# [TASK INSTRUCTIONS]
Would you copy exactly the lines in the data below from the one that has "Edificio all\'aperto - Appartamento" through the one that has "27 Jackson Avenue photo 39", dropping any pictures?

[Caption-style text data]
=== Begin Enclosure ===

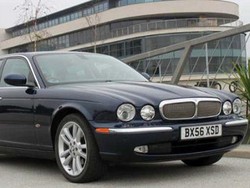 Jaguar Bekas Keluarga Inggris Dilelang Murah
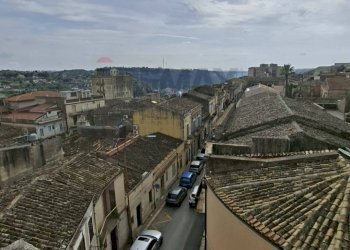 Edificio all\'aperto - Appartamento Corso Nino Barone
 
180, Modica - foto 14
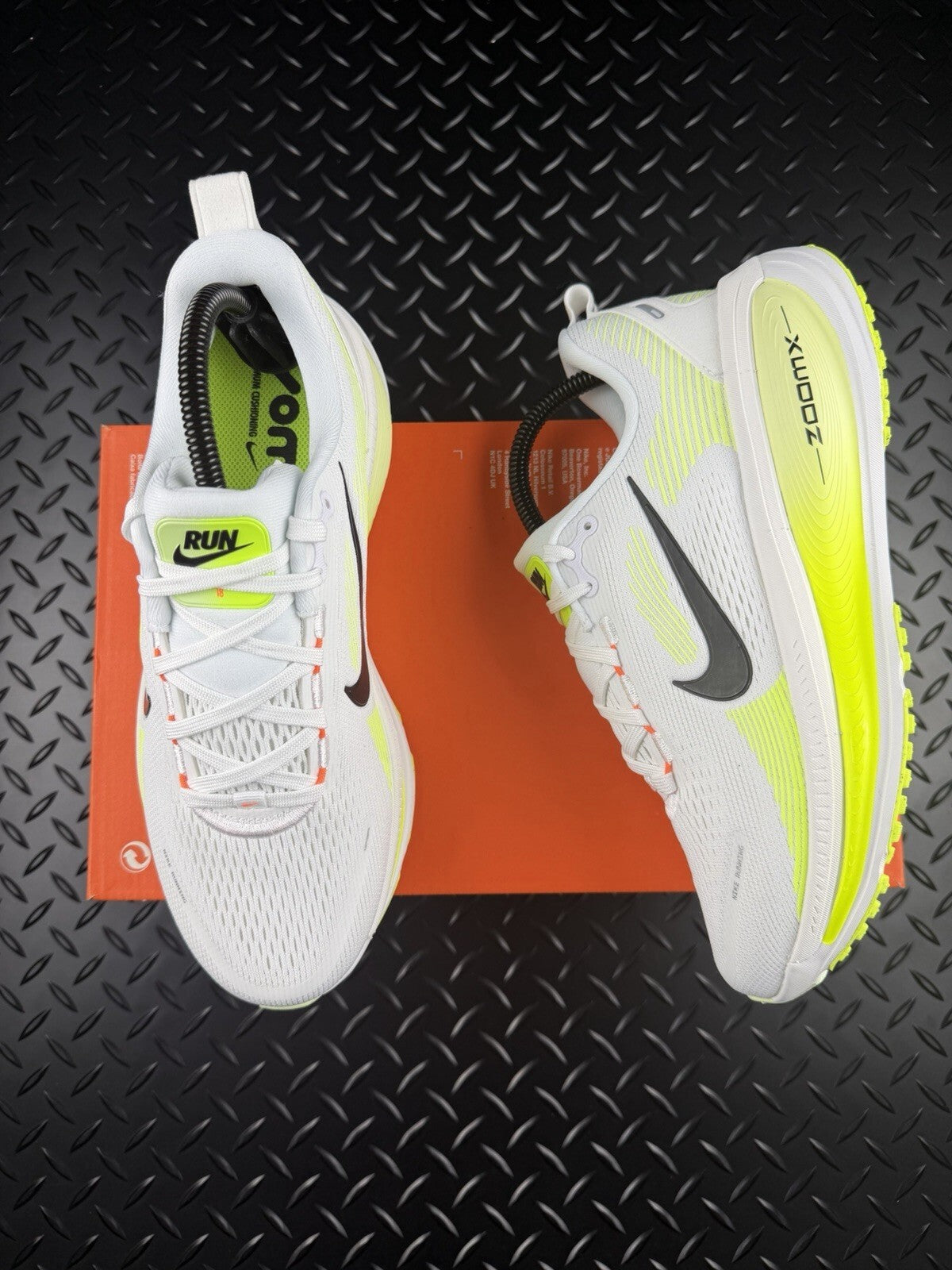 Nike Vomero 18 ‘Barely Volt’ Running/Lifestyle Trainers Brand New WMNS Size UK 5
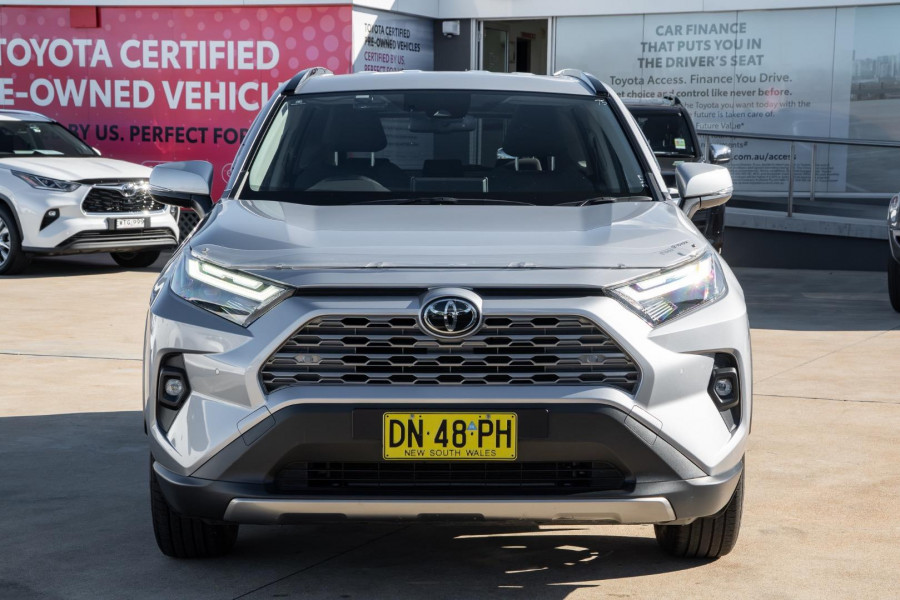 2025 Toyota RAV4 AXAH52R GXL SUV Image 4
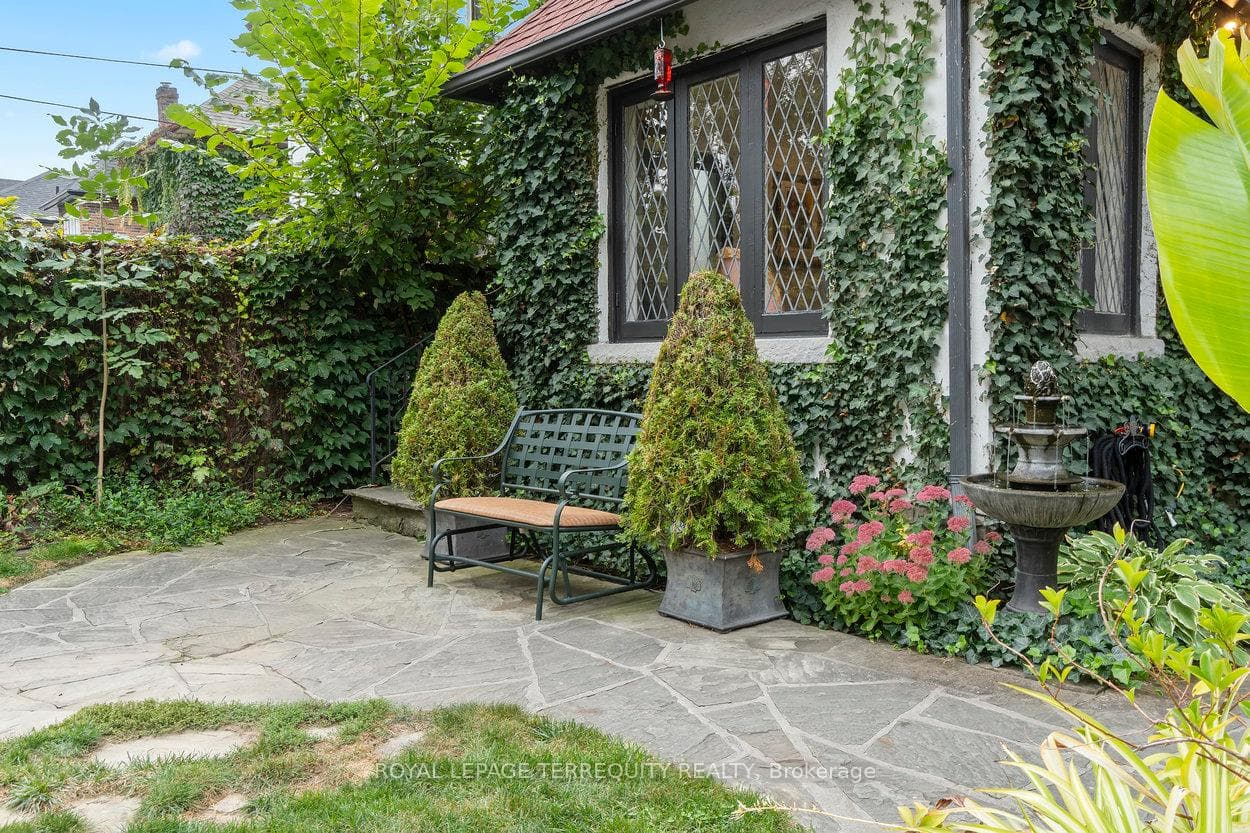 27 Jackson Avenue photo 39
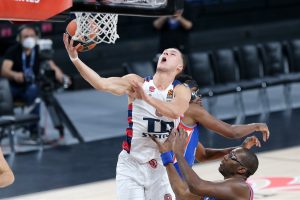 Tadas Sedekerskis y Rokas Giedraitis registran dos récords personales en Euroliga ante Anadolu Efes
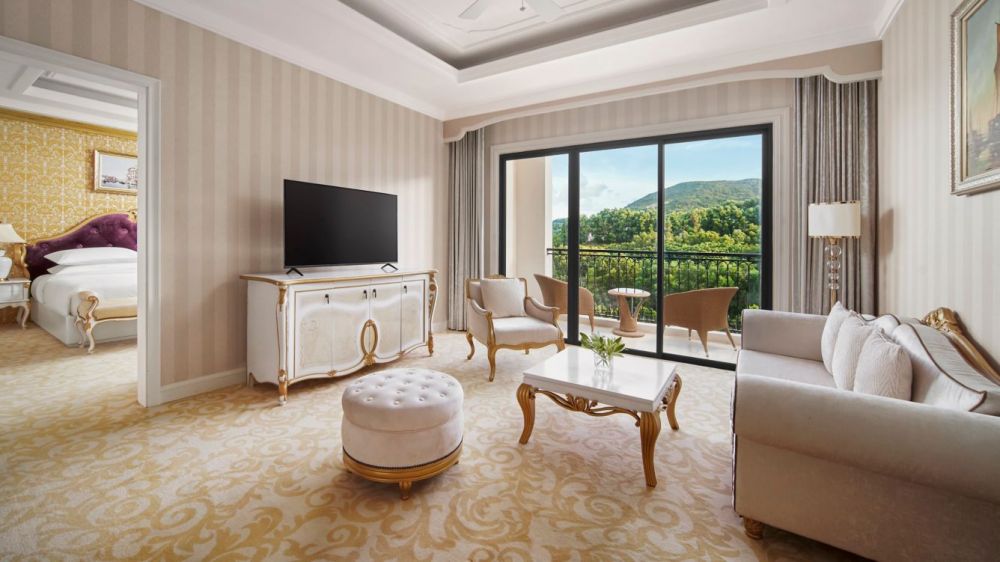 Executive Suite GV/OV, Nha Trang Marriott Resort & Spa Hon Tre Island 5*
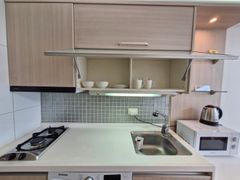 🎯 Fully furnished and remodeled apartment in 9th image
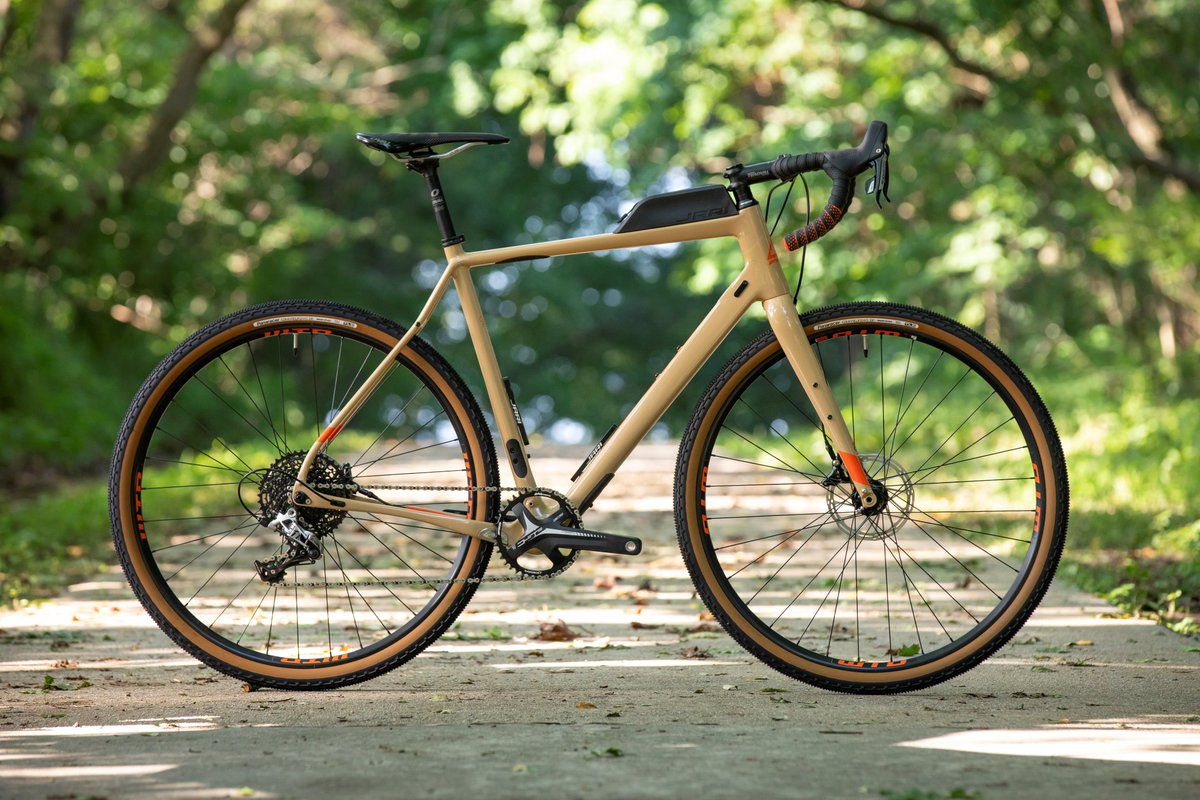 fuji bikes gravel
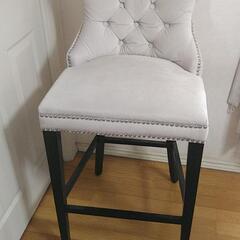 エレガントな椅子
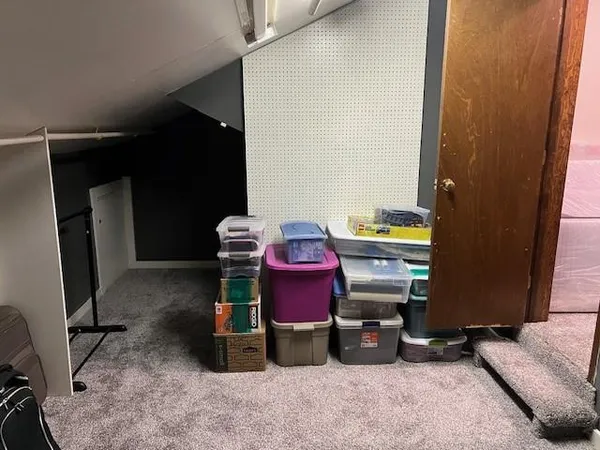 $450,000 | 14690 East Redcoat Road, Nevada, MO 64772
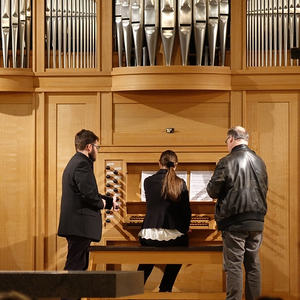 Birgit Weberndorfer mit Orgellehrer Heinz Reknagel an der Kögler-Orgel in der Autobahnkirche Haid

=== End Enclosure ===

# [SOLUTION BELOW]
 Edificio all\'aperto - Appartamento Corso Nino Barone
 
180, Modica - foto 14
 Nike Vomero 18 ‘Barely Volt’ Running/Lifestyle Trainers Brand New WMNS Size UK 5
 2025 Toyota RAV4 AXAH52R GXL SUV Image 4
 27 Jackson Avenue photo 39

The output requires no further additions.